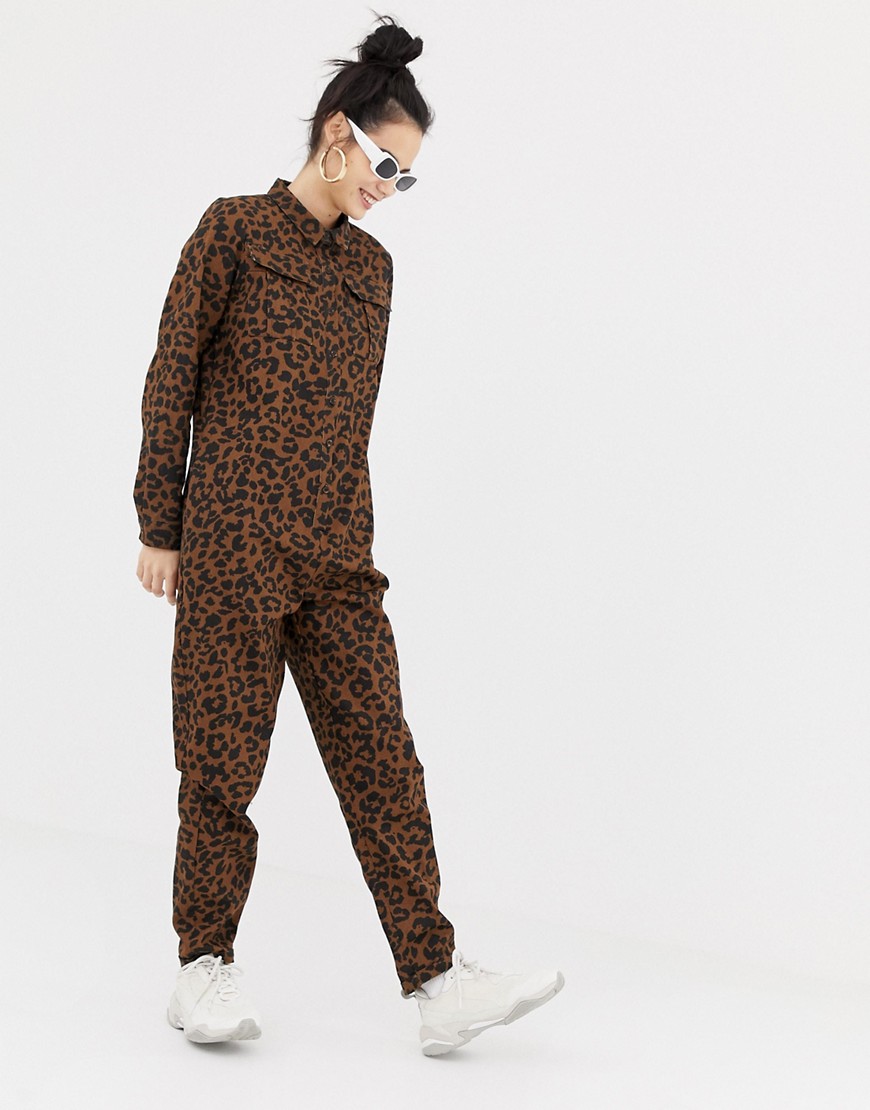 Daisy Street button through boiler suit in leopard print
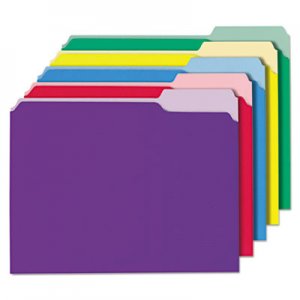 Universal Recycled Interior File Folders, 1/3 Cut Top Tab, Letter, Assorted, 100/Box 12306 UNV12306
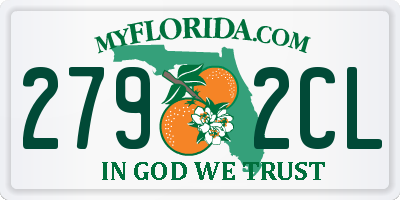 FL license plate 2792CL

§ WORK TASK: Without altering anything, output all the lines above but none of the images.

§ EXERCISE OUTPUT:
 Daisy Street button through boiler suit in leopard print
 Universal Recycled Interior File Folders, 1/3 Cut Top Tab, Letter, Assorted, 100/Box 12306 UNV12306
 FL license plate 2792CL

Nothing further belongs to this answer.